Vuestra hora ha sonado, mujeres y jóvenes católicas; la vida social tiene
necesidad de vosotras: a cada una de vosotras puede decirse: ¡Se trata de lo
tuyo! (Horat. Epist. L. I, Ep. XVIII, 84.)
El campo de la actividad de la mujer.
La actividad femenina se desarrolla en gran parte en los trabajos y en las ocupaciones de la
vida doméstica, que contribuyen, más y mejor de lo que generalmente podría
pensarse, a los verdaderos intereses de la comunidad social. Pero estos
intereses requieren, además, una falange de mujeres que dispongan de mayor
tiempo para poder dedicarse a aquéllos más directa e íntegramente.

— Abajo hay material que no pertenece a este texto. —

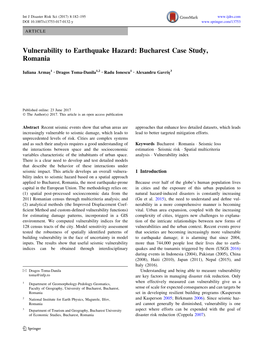 Vulnerability to Earthquake Hazard: Bucharest Case Study, Romania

Esta parte directa, esta colaboración
efectiva en la actividad social y política, en nada altera el carácter propio
de la actividad normal de la mujer. Asociada a la obra del hombre en el campo
de las instituciones civiles, ella se
aplicará principalmente a aquellas materias que exigen tacto, delicadeza,
instinto maternal, antes que rigidez administrativa. ¿Quién mejor que
ella puede comprender lo que requieren la dignidad de la mujer, la integridad y
el honor de la joven, la protección y la educación del niño? Y en todas estas
materias, ¡cuántos problemas reclaman la atención y la actividad de gobernantes
y legisladores! Sólo la mujer sabrá, por ejemplo, templar con la bondad, sin
daño para la eficacia, la represión del libertinaje; sólo ella podrá encontrar
los caminos para salvar de la humillación y educar en la honradez y en las
virtudes religiosas y civiles a la niñez moralmente abandonada; sólo ella podrá
hacer fructífera la obra del patronato y de la rehabilitación de los libertados
de la cárcel o de las jóvenes caídas; sólo ella hará salir de su corazón el
eco del grito de las madres, a las que un Estado totalitario, cualquiera que
sea su nombre, querría arrebatar la educación de sus hijos.

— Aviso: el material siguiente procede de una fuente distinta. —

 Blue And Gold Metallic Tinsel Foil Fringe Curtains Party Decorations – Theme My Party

La preparación y formación de la mujer para la vida social
y política.
Claro es que el oficio de la mujer, así comprendido, no se improvisa. El
instinto materno es en ella un instinto humano, no determinado por la
naturaleza hasta en los últimos detalles de sus aplicaciones. Está dirigido
por una voluntad libre, y ésta se halla guiada a su vez por el entendimiento.

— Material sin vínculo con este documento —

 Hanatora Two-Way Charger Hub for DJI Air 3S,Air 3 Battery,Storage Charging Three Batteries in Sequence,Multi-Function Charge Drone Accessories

De aquí su valor moral y su dignidad,
pero también su imperfección, que tiene necesidad de ser compensada y
rescatada con la educación.
La educación
femenina de la
joven, y no pocas veces también la de la mujer adulta, es, por lo tanto, una condición necesaria de su preparación y de su
formación para una vida digna de ella. Evidentemente el ideal sería que
esta educación pudiera comenzar ya en la infancia, en la intimidad de un hogar
cristiano, bajo el influjo de la madre. Por desgracia no siempre sucede así, ni
siempre es posible. Sin embargo, puede al menos suplirse en parte esta
deficiencia, procurando a la joven, que por necesidad tiene que trabajar fuera
de su casa, una de aquellas ocupaciones que en cierto modo son el aprendizaje y
el entrenamiento para la vida a que se halla destinada. A ello se encaminan
también aquellas escuelas de economía doméstica, que aspiran a hacer de la niña
y de la joven de hoy la mujer y la madre del mañana.
La familia será verdaderamente la célula
vital de los hombres, que procuran honestamente su felicidad terrenal y
eterna. Todo esto lo comprende perfectamente la mujer verdaderamente tal.
Pío XII, extractos de “Questa grande”, del 21 octubre de 1945. Alocución a las
Delegadas de las Asociaciones Femeninas Católicas de Italia.